Marion Nestle - Marion Nestle is professor of Nutrition, Food Studies, and Public Health at New York University, and the author of Food Politics, Safe Food, What to Eat, and Pet Food Politics. More

Marion Nestle is Paulette Goddard Professor in the Department of Nutrition, Food Studies, and Public Health at New York University. She also holds appointments as Professor of Sociology at NYU and Visiting Professor of Nutritional Sciences at Cornell. She is the author of three prize-winning books: Food Politics: How the Food Industry Influences Nutrition and Health (revised edition, 2007), Safe Food: The Politics of Food Safety (2003), and What to Eat (2006). Her most recent book is Feed Your Pet Right: The Authoritative Guide to Feeding Your Dog and Cat. She writes the Food Matters column for The San Francisco Chronicle and blogs almost daily at Food Politics.

Translating the Dietary Guidelines Report

By Marion Nestle
Jun 29 2010, 6:45 AM ET Comment



Like previous editions of the Dietary Guidelines, this one talks about foods in the context of eat more (fruits and vegetables). For eat less advice, it switches to nutrients. I'd call this obfuscation (and politics).

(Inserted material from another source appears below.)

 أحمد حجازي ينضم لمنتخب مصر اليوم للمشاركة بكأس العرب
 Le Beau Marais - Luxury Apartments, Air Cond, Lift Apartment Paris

But the report—for the first time—emphasizes environmental influences on obesity:

The 2010 DGAC recognizes that the current food environment does not adequately facilitate the ability of Americans to follow the evidence-based recommendations outlined in the 2010 DGAC Report. Population growth, availability of fresh water, arable land constraints, climate change, current policies, and business practices are among some of the major challenges that need to be addressed in order to ensure that these recommendations can be implemented nationally.

What business practices? It doesn't say. It does, however, recommend:


    • Improve foods sold and served in schools, including school breakfast, lunch, and afterschool meals and competitive foods so that they meet the recommendations of the IOM report on school meals

    • Increase comprehensive health, nutrition, and physical education programs and curricula in US schools and preschools, including food preparation, food safety, cooking, and physical education classes and improved quality of recess

    • Remove sugar-sweetened beverages and high-calorie snacks from schools, recreation facilities, and other places where children gather

    • Develop and enforce responsible zoning policies for the location of fast food restaurants near schools and places where children play

This is excellent advice. But how about some suggestions about what individuals might do about it?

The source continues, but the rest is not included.